The Piketty Analysis of Inequality

     Economists like Thomas Piketty are now taking a deeper look at escalating inequality to better understand why and how it plays out in the modern world. They find that when the rate of return to capital substantially exceeds the rate of economic growth, then inequality increases in one way or another. The net rate of return on capital, or wealth, includes both the rate of profit or rent from a physical investment and the interest rate or dividend on a financial investment, after taxes, depreciation, consumption, donations, etc.; in other words, the capital that is saved or reinvested. Economic growth means growth of income, both from labor and capital. What this boils down to is that unless worker pay increases at least as fast as net profits, then inequality increases, assuming that nothing enforces a very broad ownership of this capital.

     Thus inequality has worsed since the financial crash of 2008 because corporate and financial profits have continued to soar while median pay has declined by about 10%, compounded by high unemployment. Global limits-to-growth suggest a zero sum game, then worse, for coming generations, so the struggle against oppressive inequality could be long, difficult, and likely destructive in one way or another.

      Yet, even in the absence of growth, there are ways around this inexorable rise in inequality. As Piketty shows, government could simply tax the net return on capital to reduce it to match economic growth, then tax major accumulations of wealth. Another way, not cited by Piketty, would be to distribute the ownership of capital broadly among the populace – an “ownership society”. Yet another way would be to overhaul the system of laws, regulations, and institutional structures – to use non-tax ways to penalize high income and accumulated wealth and to reward solidarity, while strongly pursuing full employment, labor rights, and public services and insurance for the 99%. But Piketty says that in the past this took the near revolutionary conditions of two world wars and a great depression. Another unpleasant lesson of history.

 

The Severe Social Consequences of Inequality

      The consequences of extreme inequality are everywhere but many of the social consequences have been hidden in plain sight as demonstrated by Richard Wilkinson and Kate Pickett. They compared inequality to social dysfunction in a variety of first world nations, also for all US states. They found strong correlations of rising inequality with increased violence and imprisonment, educational and health disparities, consumerism, barriers of class, and much more. Even more amazing, affluent people in an unequal society like the US tended to be less healthy than people of comparable wealth in more equal societies, like Japan or Denmark. Sociologists have identified the stresses of unequal societies that lead to many of these dysfunctions, in addition to the more obvious economic and social barriers. Of course social dysfunction imposes huge economic costs too, resulting in less economic growth according to many studies.

 

Direct Actions to Reduce Inequality

      Today’s inequality has been created and sustained by a wide variety of mechanisms, so there is no simple formula on how to undo all the complexity of this rigged system. Instead there are many complementary lines of attack. For example, some may decide to “raise the bottom”; that is, to work on raising minimum wages or living wages or to support unionization. Others may tackle “lowering the top” – to work on stronger income or wealth taxes, or closing tax loopholes, or better regulating Wall Street, or shutting down the shadow banking system and tax evasion. Both “raising the bottom” and “lowering the top” will be necessary.  

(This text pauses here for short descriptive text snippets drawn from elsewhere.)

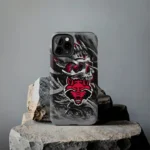arkansas-state-red-wolves-skull-blades-scarlet-gray-phone-case-best-selling.webp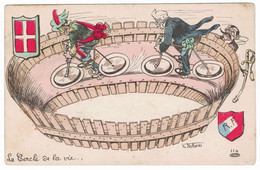 NORWINS - Le Cercle De La Vie - Victor Emmanuel III Et Emile Loubet - Cyclisme - Norwins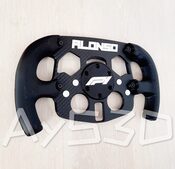 MOD F1 Formula 1 Fernando Alonso para Logitech G29 y G923 ps pc Modelo a elegir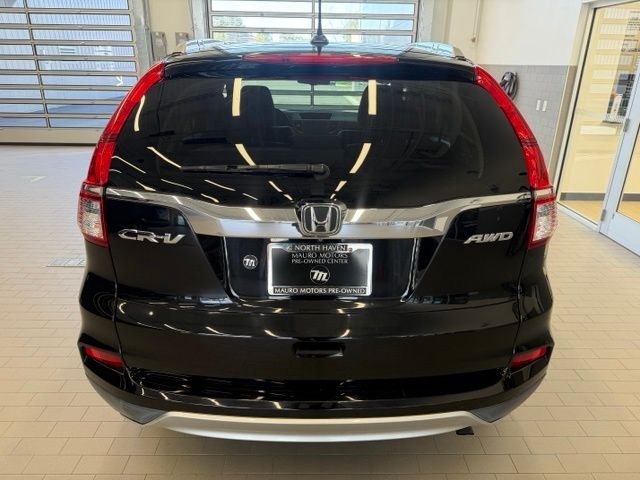 Used 2015 Black Honda EX-L image 6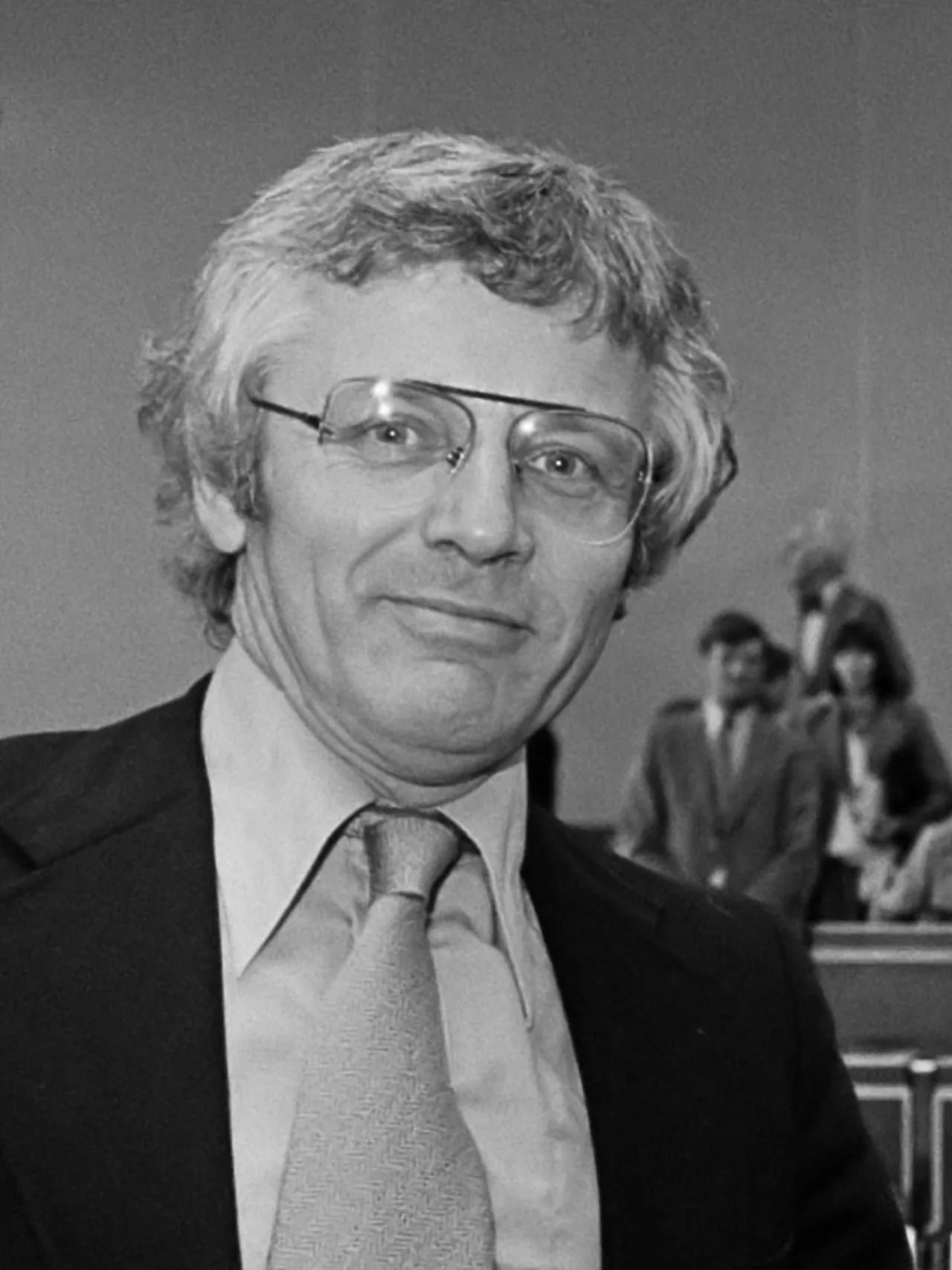 Porträt von Eric van der Donk (1929–2021) – Gedenkseite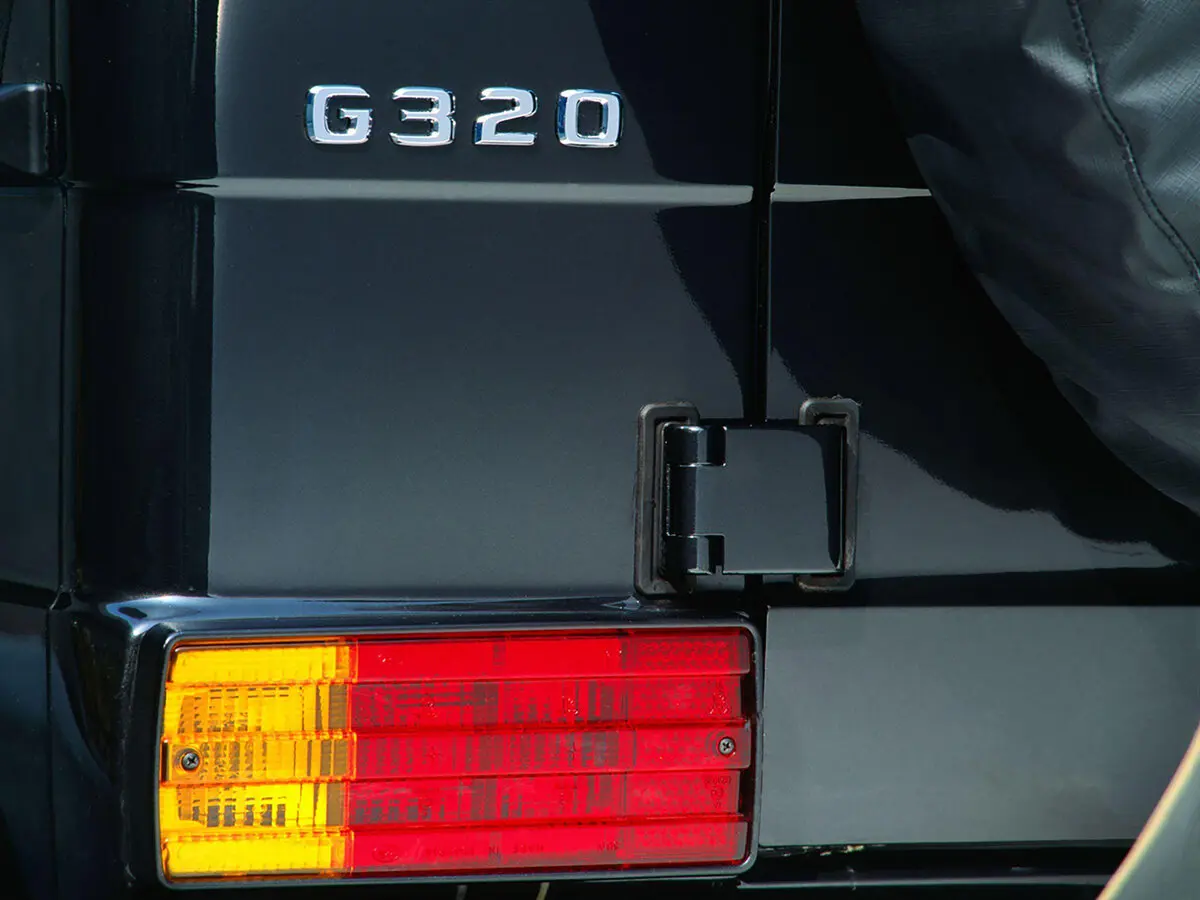 Mercedes-Benz G-Класс II (W463) Внедорожник 3 дв. — сүрөт 8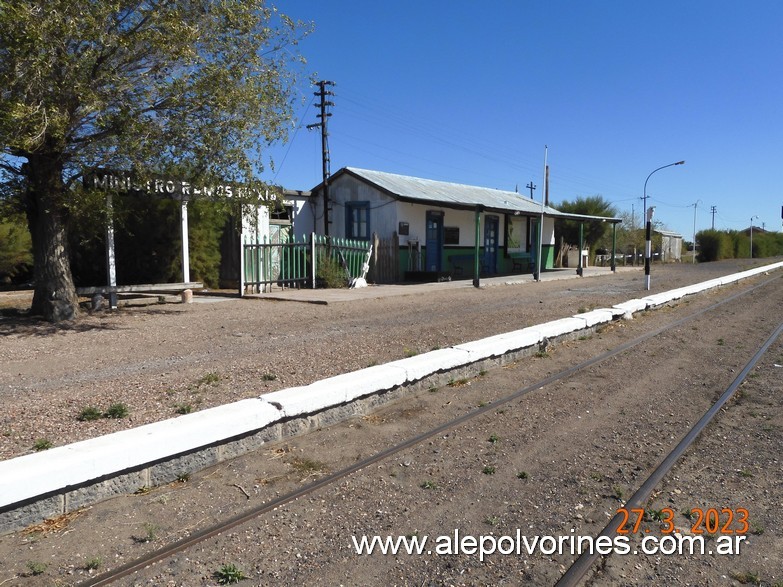 Foto: Estación Ministro Ramos Mexia - Ministro Ramos Mexia (Río Negro), Argentina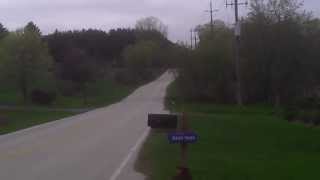 CBR 600 F4i take off and fly by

      Then there are unaccountable mega-corporations who routinely get away with monopolistic practices and lobby to get special subsidies and privileges that destroy many smaller businesses. Still others may want to go after regulations that subsidize the outsourcing of good jobs or that use trade agreements to privilege mega-corporations, taking away democratic rights and propelling a global “race to the bottom”. Others will want to campaign for new ways to require corporations to internalize social and environment costs instead of the kind of regulatory capture and political control that lets them profit at the expense of our future, knowing that poorer households often bear the brunt of such costs.

      But for every old battle front where we finally make headway, it seems that a dozen new battle fronts open up. There’s got to be a better way, a system that identifies and rewards good behavior more powerfully than bad.

 

More Systemic Actions Toward an Egalitarian Society

     So we can ask, What can we do to change our political and economic system so that future generations will be better equipped to guard against the forces of plutocracy? Digging deeper, we can talk about the ownership of wealth, how political campaigns are financed, how voting is conducted, and about private enterprise that is structured to have more democratic accountability. Cooperatives are already widespread in the US, also companies that are at least partially owned by their employees. In addition there are hosts of non-profit corporations and many public enterprises like utilities. A key challenge is to get more stakeholder ownership and participation into the decision making of very large or monopolistic corporations, such as the kinds of government ownership that are common in many other countries, or union representatives on boards of directors or management teams, or representatives of customer or supplier networks or watchdog groups. And with major transnational corporations, some kind of international ownership or accountability is needed.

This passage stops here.